[Data segment]
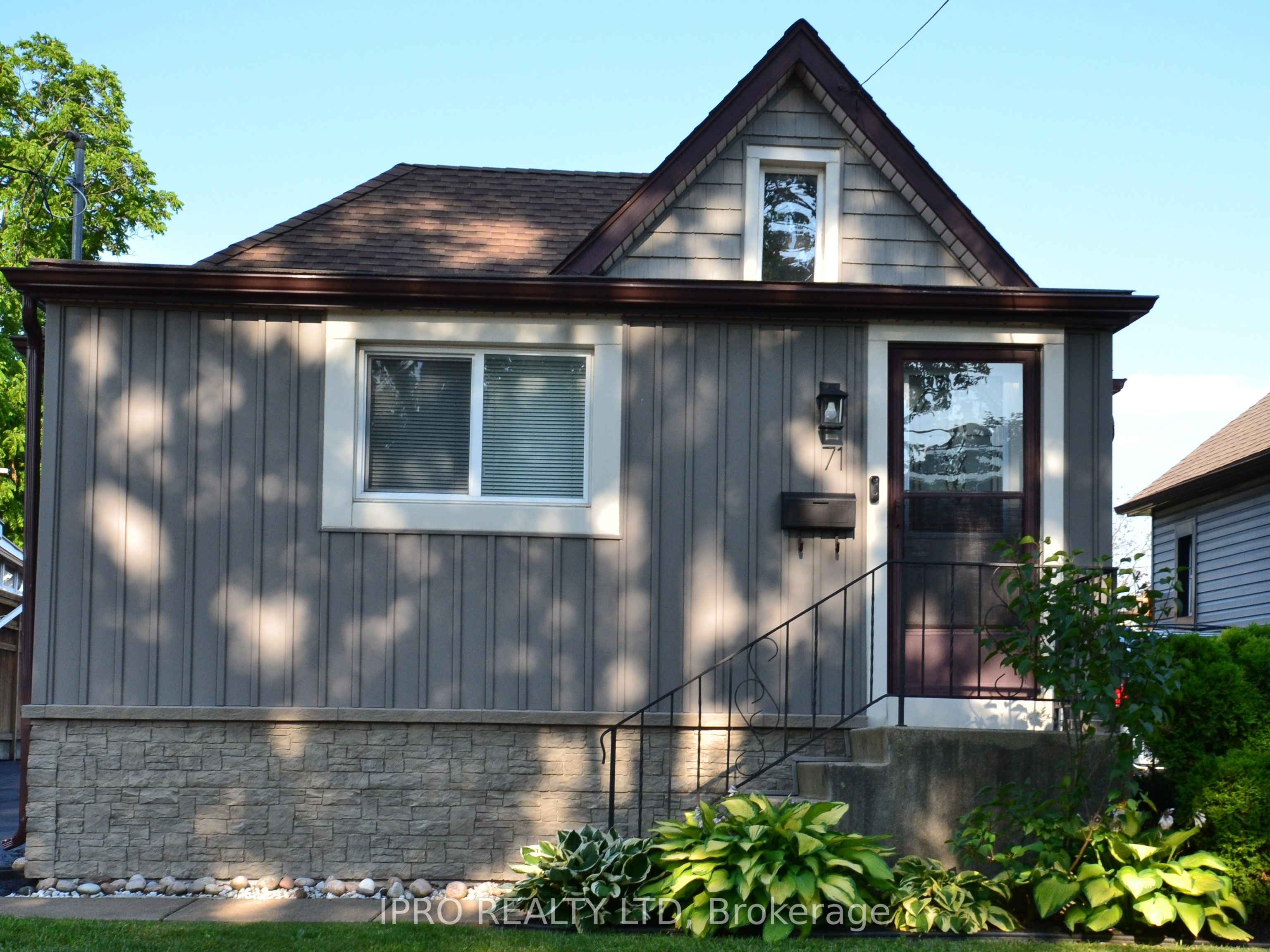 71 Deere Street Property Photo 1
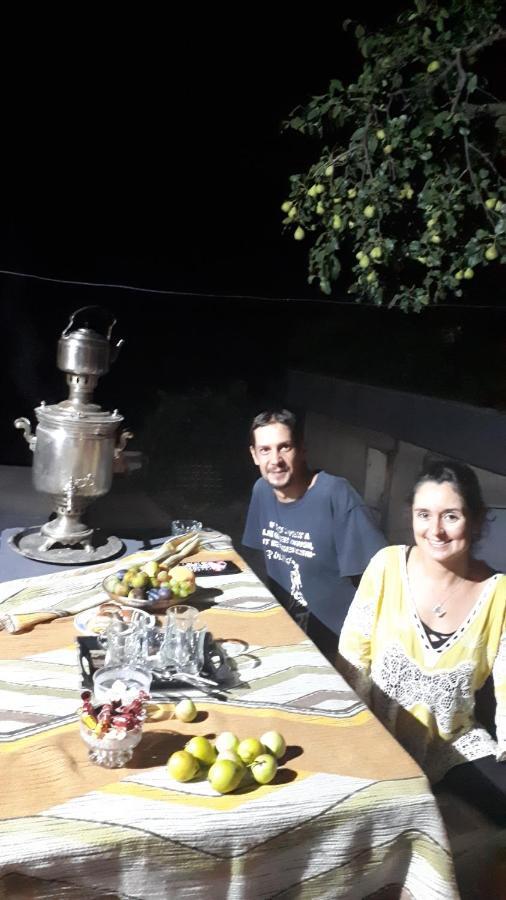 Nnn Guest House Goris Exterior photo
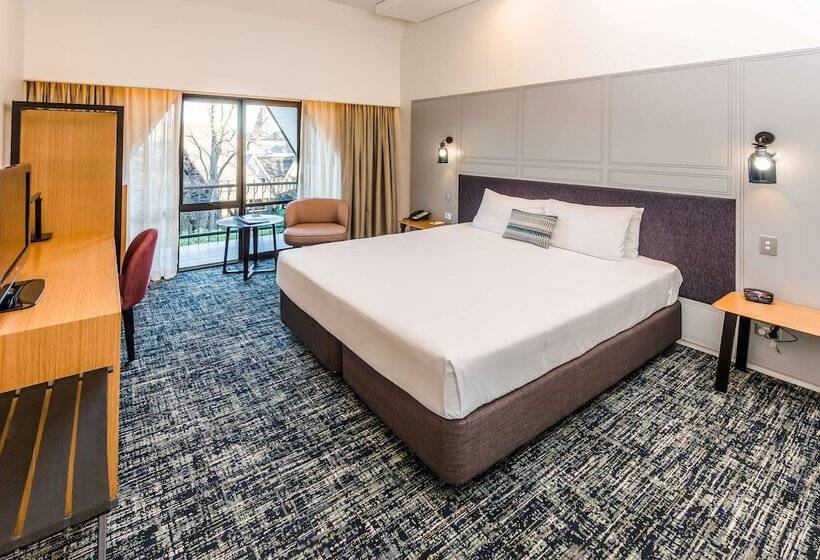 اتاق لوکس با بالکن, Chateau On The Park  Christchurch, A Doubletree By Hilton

[What is being asked] Take the listing and print it again exactly, but without any pictures.

[The completed task]
 71 Deere Street Property Photo 1
 Nnn Guest House Goris Exterior photo
 اتاق لوکس با بالکن, Chateau On The Park  Christchurch, A Doubletree By Hilton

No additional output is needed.